I got the walk accomplished, but my fairly quick pace had slowed before I was yet half done. And by the time I had maybe two miles left, it weighed upon me how abysmally boring this whole enterprise was.
I am only doing the walk for that purpose alone, and it gets to be a sheer drag. Knowing that I will probably only be doing the walk just twice a week, it's going to take considerable determination to keep up with it.
I am likely going to have to select a different five-mile rectangle in order to make the outing more bearable ─ the sameness is otherwise likely to prove insurmountable.
It certainly would help if I could walk without having to endure the headlights and even the mere intrusive presence of vehicular traffic everywhere I have to walk.
I think that it was something like 5:50 a.m. by the time I was outside the locked front door when my walk was done. I dropped a glove and had to pick it up, but that required me to support myself with my hands as I attempted to slowly stoop down ─ the walk had left me inflexibly stiffened. I felt like an arthritic 72-year-old.
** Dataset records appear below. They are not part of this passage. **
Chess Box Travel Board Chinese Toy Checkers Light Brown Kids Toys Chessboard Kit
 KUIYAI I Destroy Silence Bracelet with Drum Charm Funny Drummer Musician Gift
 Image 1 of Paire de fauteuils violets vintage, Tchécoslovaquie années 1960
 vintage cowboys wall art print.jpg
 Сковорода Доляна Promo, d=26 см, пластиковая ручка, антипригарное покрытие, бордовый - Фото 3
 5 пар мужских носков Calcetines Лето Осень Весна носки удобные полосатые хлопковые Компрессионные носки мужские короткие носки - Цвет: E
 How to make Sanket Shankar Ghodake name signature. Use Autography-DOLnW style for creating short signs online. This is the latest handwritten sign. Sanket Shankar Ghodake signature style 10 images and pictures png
Maybe I am ─ I am certainly 72.
As for the rectangle I used in the walk, I have the approximate centre-point marked in this Google Map. The rectangle's boundaries were 128th Street; King George Boulevard; 96th Avenue; and 108th Avenue.
Each of those boundaries are quite busy highways, so I did not exclusively walk them. Rather, I tended to follow them for relatively short distances, preferring to take to quieter roads within the rectangle that are paralleling those major arteries.
I can't recall now how long I remained up after getting back home, but following some further sleep, I was probably up again no later than 8:30 a.m. In fact, I was downstairs with my first morning coffee ─ this one loaded with 'the works' ─ by maybe 9:15 a.m. and had the T.V. on before my younger brother emerged from his bedroom for the morning.
Since I had immediate control of the T.V., I led off our viewing (via our Android TV Box) with a 2017 Western titled Painted Woman. I located an excellent source for it in the Syncler app that I have downloaded in that Android TV Box.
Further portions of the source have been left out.